With this method, one can visualize the depth and layering of morphological features, facilitating simultaneous visualization of different tissue types. Two-dimensional photographs and line drawings can be taken of these specimens, for later use in linear or geometric morphometrics. It is also possible to visualize the connections between structures and the relative amount of soft tissue in the organism. This method is fairly affordable, with the main costs being the chemicals used to remove the outer tissue layers of some organisms (e.g., amniotes). These organisms can also be preserved for many years and used in subsequent analyses.
Clearing and staining methods are irreversible and permanently alter the specimen. This prevents the specimen from being used in future studies (e.g., dissection, histology, digital scanning, etc.). Shrinkage of specimens occurs with all fixation techniques, including clearing and staining and histology preparation. Many specimens are also prohibitively large (most cleared and stained organisms are no more than 30 cm) and cannot be properly “cleared” with current techniques relegating this method to juveniles or small individuals of most larger species.
Histology uses chemicals, sectioning, and microscopes to visualize the cellular- and sub-cellular level traits of a biological structure.
Histological approaches offer microscopic views of organismal traits that cannot be visualized without magnification. Histochemical stains can provide concrete information on tissue types at the cellular level not available via other methods (although digital scanning has made progress in the past, see Zehbe et al. 2010 ). This method offers insights into tissue types and the data can be used for linear measurements as well as qualitative descriptions. Histological analysis is sometimes required to validate interpretations from micro-CT scans. Even the highest resolution scan data will not unequivocally demonstrate the morphology of a tissue that is one cell layer thick, like the air sacs of bird lungs. Biological interpretation of micro-CT images often requires knowledge of tissue types (e.g., bone that performs in cartilage, tendon, or membrane) only available from histological preparations, which improves homology assessment in coding characters for phylogenetic analysis and placing landmarks in GM analysis. Pairing histology with 3D digital models can result in highly rigorous morphological analyses. New methods of morphological examination combine computer-generated data (AI) with histological studies. These techniques allow users to quantify tissue variation across a large sample of specimens or produce 3D renderings reconstructed from histological slides ( Shmatko et al. 2022 ).

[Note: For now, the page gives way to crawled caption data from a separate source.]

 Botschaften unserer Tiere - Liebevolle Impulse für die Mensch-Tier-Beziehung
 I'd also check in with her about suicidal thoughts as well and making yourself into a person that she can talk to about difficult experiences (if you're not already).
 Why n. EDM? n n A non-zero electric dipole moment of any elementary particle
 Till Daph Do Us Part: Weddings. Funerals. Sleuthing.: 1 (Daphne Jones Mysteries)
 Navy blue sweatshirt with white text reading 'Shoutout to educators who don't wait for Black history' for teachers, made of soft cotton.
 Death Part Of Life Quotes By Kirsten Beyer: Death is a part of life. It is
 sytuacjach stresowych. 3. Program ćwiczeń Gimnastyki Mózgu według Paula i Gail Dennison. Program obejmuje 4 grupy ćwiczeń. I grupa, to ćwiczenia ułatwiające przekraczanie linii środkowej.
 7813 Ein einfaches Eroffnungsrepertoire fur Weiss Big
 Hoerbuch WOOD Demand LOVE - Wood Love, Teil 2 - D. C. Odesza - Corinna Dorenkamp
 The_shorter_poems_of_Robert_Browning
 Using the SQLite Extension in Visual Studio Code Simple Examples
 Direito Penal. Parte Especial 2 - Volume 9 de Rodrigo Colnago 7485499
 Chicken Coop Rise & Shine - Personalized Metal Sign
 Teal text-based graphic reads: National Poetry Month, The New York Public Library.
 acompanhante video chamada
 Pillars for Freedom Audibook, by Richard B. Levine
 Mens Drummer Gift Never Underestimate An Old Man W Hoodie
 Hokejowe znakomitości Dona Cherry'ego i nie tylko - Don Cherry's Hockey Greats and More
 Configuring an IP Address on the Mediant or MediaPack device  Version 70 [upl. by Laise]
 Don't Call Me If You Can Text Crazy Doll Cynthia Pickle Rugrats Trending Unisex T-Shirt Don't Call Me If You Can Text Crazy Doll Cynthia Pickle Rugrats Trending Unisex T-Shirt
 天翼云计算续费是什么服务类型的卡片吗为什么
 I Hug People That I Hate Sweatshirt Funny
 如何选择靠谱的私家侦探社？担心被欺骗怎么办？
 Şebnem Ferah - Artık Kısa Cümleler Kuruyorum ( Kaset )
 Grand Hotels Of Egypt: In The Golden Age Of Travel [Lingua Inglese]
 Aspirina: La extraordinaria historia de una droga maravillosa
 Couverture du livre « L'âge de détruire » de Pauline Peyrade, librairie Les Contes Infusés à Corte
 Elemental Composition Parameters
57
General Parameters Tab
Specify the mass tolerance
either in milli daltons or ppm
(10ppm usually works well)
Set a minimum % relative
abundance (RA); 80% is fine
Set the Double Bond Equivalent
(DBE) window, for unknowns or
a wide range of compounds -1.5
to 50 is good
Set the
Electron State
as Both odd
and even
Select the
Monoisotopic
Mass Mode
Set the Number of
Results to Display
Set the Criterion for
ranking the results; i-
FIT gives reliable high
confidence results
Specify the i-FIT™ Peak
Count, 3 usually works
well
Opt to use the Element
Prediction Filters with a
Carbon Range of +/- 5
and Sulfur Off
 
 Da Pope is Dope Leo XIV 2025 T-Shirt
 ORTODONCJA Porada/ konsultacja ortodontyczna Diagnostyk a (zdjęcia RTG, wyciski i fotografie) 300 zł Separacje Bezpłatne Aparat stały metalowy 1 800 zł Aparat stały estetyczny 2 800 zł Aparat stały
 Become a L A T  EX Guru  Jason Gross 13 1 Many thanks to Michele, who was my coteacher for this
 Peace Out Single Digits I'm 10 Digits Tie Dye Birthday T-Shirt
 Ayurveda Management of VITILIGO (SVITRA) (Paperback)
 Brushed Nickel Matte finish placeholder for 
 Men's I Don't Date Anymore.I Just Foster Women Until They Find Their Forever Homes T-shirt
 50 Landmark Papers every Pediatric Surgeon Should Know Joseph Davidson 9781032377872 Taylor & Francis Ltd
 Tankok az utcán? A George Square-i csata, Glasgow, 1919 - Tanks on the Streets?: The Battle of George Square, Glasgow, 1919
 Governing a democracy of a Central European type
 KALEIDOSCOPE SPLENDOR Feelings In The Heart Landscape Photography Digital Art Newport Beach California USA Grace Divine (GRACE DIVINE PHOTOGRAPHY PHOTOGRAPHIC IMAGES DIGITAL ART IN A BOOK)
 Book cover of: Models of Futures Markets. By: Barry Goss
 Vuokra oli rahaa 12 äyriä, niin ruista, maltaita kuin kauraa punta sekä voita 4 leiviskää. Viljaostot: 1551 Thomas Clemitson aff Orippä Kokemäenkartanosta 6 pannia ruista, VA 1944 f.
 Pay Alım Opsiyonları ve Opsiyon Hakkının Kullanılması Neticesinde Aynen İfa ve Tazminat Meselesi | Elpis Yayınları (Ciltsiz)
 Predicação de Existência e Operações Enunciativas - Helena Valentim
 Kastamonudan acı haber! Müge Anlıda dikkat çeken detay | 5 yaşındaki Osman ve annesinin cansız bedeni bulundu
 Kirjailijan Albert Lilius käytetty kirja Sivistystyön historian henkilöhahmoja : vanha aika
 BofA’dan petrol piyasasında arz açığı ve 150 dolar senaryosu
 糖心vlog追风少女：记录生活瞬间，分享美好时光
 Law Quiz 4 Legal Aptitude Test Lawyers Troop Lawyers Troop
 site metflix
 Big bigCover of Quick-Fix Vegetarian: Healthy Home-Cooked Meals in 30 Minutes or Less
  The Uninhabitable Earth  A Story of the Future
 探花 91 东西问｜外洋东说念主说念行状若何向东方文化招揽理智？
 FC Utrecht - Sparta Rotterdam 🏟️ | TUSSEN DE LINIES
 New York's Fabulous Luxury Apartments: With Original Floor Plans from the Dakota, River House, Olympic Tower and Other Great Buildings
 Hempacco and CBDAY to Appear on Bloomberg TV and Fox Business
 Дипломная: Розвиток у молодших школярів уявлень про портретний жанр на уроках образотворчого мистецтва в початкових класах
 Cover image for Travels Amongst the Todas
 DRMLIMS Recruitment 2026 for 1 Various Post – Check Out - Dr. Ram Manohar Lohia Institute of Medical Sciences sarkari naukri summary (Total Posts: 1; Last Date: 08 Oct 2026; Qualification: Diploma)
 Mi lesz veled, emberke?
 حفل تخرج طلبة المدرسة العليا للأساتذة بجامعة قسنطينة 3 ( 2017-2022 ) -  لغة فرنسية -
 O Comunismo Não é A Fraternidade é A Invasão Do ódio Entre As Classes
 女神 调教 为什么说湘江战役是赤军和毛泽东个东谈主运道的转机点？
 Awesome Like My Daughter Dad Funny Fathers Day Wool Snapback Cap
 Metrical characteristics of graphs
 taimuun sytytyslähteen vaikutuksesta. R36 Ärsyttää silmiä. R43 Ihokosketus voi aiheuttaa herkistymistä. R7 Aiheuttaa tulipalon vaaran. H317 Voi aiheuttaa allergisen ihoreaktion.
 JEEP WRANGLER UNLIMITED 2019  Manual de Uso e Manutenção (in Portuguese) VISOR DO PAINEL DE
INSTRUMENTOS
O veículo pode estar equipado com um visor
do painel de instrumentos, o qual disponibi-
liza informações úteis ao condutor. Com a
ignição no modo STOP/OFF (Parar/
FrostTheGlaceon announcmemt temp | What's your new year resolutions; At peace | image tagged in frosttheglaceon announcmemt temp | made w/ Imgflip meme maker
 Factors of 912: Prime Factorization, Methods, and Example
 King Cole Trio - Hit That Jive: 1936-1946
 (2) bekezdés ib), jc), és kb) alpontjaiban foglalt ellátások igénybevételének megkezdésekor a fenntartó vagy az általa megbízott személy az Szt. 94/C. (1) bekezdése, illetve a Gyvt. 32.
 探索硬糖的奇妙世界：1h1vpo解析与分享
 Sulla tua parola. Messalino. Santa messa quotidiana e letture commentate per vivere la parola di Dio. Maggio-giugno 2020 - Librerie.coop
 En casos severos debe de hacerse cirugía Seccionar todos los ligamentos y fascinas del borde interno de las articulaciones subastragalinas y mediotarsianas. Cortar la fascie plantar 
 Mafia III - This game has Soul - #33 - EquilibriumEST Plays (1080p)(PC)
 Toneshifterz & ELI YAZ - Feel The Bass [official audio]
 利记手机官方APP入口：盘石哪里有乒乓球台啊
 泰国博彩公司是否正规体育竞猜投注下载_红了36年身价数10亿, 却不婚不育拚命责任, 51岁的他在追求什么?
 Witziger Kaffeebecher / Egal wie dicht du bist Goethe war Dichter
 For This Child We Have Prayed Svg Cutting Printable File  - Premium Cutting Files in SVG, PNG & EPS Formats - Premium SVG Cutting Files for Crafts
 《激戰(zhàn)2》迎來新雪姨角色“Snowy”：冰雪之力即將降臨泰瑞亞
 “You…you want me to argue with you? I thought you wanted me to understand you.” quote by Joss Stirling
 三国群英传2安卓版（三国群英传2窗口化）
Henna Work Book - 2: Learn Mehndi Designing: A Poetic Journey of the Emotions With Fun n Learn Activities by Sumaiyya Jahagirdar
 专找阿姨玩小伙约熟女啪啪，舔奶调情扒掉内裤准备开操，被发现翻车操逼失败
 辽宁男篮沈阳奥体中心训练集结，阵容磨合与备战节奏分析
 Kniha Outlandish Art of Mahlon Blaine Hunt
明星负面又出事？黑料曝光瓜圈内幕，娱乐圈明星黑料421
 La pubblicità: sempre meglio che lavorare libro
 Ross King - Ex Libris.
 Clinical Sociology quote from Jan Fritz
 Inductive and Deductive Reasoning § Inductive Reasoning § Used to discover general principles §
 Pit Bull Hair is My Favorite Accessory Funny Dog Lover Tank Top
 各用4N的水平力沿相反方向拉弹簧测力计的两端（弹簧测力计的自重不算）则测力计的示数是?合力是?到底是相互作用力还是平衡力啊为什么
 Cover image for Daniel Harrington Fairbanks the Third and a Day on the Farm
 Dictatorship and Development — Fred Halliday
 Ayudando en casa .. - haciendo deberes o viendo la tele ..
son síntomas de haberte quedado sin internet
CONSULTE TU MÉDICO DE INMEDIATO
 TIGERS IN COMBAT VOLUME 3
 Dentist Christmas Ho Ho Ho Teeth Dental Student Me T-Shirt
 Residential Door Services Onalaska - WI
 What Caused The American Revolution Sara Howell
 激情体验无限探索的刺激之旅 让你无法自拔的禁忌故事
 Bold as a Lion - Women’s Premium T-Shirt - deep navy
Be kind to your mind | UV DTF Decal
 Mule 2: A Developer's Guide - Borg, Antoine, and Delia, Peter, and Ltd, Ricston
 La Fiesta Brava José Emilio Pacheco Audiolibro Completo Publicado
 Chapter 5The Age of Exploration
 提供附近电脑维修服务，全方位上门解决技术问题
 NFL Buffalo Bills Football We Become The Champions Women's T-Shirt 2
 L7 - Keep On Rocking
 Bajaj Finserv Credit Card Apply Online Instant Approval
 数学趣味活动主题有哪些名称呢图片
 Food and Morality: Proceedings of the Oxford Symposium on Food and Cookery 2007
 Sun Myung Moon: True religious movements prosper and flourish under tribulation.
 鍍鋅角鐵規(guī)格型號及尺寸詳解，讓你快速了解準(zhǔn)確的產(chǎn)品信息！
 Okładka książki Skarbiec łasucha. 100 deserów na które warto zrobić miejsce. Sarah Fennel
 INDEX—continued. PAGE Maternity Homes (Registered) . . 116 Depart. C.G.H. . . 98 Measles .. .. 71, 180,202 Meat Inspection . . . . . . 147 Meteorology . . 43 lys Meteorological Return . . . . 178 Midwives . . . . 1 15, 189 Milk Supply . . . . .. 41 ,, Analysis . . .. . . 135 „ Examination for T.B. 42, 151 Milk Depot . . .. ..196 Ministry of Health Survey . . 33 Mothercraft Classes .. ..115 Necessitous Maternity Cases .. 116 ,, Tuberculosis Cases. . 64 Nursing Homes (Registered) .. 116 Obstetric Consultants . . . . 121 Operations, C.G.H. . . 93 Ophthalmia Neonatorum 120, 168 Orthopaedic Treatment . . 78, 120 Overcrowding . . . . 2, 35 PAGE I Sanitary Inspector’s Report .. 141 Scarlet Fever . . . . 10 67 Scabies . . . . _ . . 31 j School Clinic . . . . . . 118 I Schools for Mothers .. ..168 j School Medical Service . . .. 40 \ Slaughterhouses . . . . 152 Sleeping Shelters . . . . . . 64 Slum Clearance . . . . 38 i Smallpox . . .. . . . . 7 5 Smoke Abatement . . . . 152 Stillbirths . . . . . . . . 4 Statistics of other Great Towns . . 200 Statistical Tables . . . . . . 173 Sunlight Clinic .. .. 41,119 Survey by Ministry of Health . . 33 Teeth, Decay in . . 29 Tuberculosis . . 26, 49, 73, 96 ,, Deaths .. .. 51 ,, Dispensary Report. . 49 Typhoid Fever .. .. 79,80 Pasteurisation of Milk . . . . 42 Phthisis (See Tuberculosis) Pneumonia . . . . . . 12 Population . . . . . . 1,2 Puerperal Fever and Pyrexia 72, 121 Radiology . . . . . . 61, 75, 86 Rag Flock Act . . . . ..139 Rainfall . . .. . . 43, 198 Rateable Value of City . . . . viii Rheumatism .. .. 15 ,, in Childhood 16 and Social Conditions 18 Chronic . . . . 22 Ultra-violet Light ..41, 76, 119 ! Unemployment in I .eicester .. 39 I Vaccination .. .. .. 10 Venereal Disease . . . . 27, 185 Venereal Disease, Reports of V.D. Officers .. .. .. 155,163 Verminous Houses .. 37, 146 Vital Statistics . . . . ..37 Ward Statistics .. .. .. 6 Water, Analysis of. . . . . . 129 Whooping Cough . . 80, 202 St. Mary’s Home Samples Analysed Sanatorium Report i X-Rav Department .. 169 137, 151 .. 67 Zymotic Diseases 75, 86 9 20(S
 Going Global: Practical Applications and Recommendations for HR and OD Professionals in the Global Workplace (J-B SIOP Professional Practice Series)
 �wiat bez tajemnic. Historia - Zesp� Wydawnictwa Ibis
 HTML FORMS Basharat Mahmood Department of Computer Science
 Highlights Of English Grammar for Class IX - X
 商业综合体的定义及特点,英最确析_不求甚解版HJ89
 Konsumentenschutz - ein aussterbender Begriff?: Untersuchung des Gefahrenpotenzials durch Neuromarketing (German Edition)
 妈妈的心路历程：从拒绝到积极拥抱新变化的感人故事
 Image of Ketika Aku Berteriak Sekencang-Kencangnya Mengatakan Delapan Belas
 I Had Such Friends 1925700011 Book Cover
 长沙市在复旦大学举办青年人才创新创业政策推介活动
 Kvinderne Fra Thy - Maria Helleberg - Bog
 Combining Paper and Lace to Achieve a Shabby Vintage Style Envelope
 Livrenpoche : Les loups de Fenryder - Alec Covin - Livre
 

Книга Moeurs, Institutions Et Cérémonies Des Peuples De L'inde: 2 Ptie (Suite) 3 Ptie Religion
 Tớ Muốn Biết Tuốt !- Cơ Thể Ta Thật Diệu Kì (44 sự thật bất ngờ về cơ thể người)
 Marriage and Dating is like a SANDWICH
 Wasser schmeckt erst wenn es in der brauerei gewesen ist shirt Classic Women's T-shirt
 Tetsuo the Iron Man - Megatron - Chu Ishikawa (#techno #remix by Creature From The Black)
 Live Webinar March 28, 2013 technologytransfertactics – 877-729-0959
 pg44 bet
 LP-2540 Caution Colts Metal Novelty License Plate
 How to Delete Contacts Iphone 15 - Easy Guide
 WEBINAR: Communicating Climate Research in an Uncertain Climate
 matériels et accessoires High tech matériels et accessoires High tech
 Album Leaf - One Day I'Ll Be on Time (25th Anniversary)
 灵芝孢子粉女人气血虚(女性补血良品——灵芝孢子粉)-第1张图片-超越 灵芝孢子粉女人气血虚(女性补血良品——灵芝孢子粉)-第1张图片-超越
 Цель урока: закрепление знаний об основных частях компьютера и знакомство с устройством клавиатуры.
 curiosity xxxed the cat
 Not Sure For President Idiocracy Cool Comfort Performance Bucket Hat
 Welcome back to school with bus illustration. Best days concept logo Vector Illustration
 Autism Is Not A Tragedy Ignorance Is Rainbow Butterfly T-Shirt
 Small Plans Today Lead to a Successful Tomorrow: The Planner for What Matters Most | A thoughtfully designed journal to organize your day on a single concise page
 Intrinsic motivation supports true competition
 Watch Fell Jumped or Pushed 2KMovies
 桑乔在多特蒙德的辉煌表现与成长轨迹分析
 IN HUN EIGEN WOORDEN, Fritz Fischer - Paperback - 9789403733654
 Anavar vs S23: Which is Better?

The main cost of histology is that specimens are irreversibly altered, degraded, or damaged during data collection, and therefore may not be available for future work or additional studies. Similar to digital scanning methods, this method can also require expensive machinery (microscopes, microtomes, etc.) and time to train the users on specimen preparation, morphological identification, histological techniques, and interpretation of data. These techniques are also costly in time spent preparing and imaging specimens. Data generated through these traditional methods are often maintained as microscope slides and whole-mount cleared-and-stained preparations, and disseminated mainly in the form of 2D photographs and scientific illustrations. Training largely involves one-on-one tutorials in illustration, photography, and graphic design. Documenting traditional morphological data strongly depends on personal illustration skills and other self-acquired knowledge, which can potentially lead to large inter-observer bias.
Histological slides and photographs can be sent physically or digitally, but the availability of data is generally limited to those who are willing to share the physical specimens for examination.
SEM and TEM
SEM and TEM use electrons instead of light to form images through a microscope. This allows for high-resolution visualization of tissue and cell structure in organisms using small, dissected portions of the specimen.
Methods like SEM and TEM can increase the understanding of tissue- and cellular-level morphologies by allowing examination of resolutions far above many of the aforementioned techniques. With this method one can view the surface of a structure, identify cell and tissue types, and view damage to those areas of the organism. This method is highly useful for qualitative studies and linear measurements, among other types of analyses.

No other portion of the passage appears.